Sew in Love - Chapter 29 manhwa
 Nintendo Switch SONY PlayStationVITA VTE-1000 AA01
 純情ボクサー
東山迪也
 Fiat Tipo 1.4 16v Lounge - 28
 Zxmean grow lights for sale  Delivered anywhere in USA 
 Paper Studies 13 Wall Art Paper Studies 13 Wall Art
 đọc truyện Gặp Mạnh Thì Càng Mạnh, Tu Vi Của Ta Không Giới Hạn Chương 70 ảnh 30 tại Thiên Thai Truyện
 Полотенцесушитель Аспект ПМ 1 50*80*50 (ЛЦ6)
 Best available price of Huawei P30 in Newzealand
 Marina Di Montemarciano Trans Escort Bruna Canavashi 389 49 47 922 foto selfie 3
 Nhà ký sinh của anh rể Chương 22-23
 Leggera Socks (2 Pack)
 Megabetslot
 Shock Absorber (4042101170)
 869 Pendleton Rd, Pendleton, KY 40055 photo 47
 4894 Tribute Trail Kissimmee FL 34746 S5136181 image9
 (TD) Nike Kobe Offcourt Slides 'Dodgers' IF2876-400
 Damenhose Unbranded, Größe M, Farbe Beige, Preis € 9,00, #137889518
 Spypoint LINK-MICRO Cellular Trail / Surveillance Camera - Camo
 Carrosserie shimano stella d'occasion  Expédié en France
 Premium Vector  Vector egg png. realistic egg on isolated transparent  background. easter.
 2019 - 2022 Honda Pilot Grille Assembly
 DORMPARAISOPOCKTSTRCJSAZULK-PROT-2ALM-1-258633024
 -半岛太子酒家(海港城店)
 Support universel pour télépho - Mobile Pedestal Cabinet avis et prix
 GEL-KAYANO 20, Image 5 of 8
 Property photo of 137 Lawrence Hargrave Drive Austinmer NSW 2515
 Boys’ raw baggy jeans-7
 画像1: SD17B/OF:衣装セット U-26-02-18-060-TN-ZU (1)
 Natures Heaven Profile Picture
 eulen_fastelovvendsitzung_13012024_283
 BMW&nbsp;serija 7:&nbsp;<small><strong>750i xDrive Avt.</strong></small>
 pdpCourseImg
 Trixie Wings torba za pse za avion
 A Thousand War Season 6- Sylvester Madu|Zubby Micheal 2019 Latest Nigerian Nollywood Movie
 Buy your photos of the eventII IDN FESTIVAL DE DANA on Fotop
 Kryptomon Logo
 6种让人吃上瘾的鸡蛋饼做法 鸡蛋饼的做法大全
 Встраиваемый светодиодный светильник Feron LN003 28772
####
> **Work to complete**
Everything starting at the line containing "Megabetslot" and ending at the line containing "eulen_fastelovvendsitzung_13012024_283" in the records above should be repeated exactly, and only that.

> **Solved exercise**
 Megabetslot
 Shock Absorber (4042101170)
 869 Pendleton Rd, Pendleton, KY 40055 photo 47
 4894 Tribute Trail Kissimmee FL 34746 S5136181 image9
 (TD) Nike Kobe Offcourt Slides 'Dodgers' IF2876-400
 Damenhose Unbranded, Größe M, Farbe Beige, Preis € 9,00, #137889518
 Spypoint LINK-MICRO Cellular Trail / Surveillance Camera - Camo
 Carrosserie shimano stella d'occasion  Expédié en France
 Premium Vector  Vector egg png. realistic egg on isolated transparent  background. easter.
 2019 - 2022 Honda Pilot Grille Assembly
 DORMPARAISOPOCKTSTRCJSAZULK-PROT-2ALM-1-258633024
 -半岛太子酒家(海港城店)
 Support universel pour télépho - Mobile Pedestal Cabinet avis et prix
 GEL-KAYANO 20, Image 5 of 8
 Property photo of 137 Lawrence Hargrave Drive Austinmer NSW 2515
 Boys’ raw baggy jeans-7
 画像1: SD17B/OF:衣装セット U-26-02-18-060-TN-ZU (1)
 Natures Heaven Profile Picture
 eulen_fastelovvendsitzung_13012024_283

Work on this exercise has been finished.